▶ Work instruction: Although the material holds pictures, none belong in the copy; transcribe exactly, and only, the lines from the one with "Basically, a pool" through the end.
┌─ Provided data
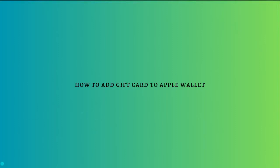Hi and welcome back to the channel. Thank you so much for clicking into this video. Today I'm going to teach you how you can add a gift card to your Apple Pay. This process is actually quite simple.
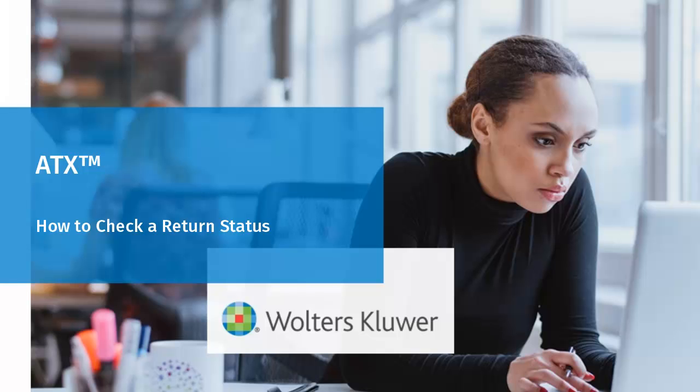Hello, and welcome to the video to learn how to check a return status on the ATX Solution Center.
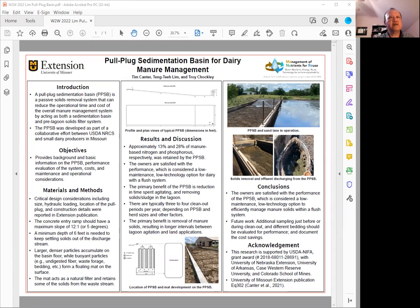Basically, a pool plot sediment basin is a passive solids removal system that can reduce operation time and cost of the overall manure management system, because it acts both as a sediment basin and also a pre-lagoon solids filter system.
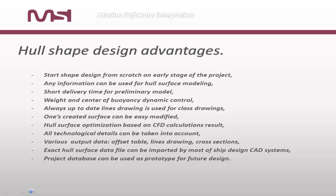Weight and center of buoyancy dynamic control. Always up to date lines drawing is used for class drawings. Once created, surface can be easily modified.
└─
▶ Solution to the problem:
Basically, a pool plot sediment basin is a passive solids removal system that can reduce operation time and cost of the overall manure management system, because it acts both as a sediment basin and also a pre-lagoon solids filter system.
Weight and center of buoyancy dynamic control. Always up to date lines drawing is used for class drawings. Once created, surface can be easily modified.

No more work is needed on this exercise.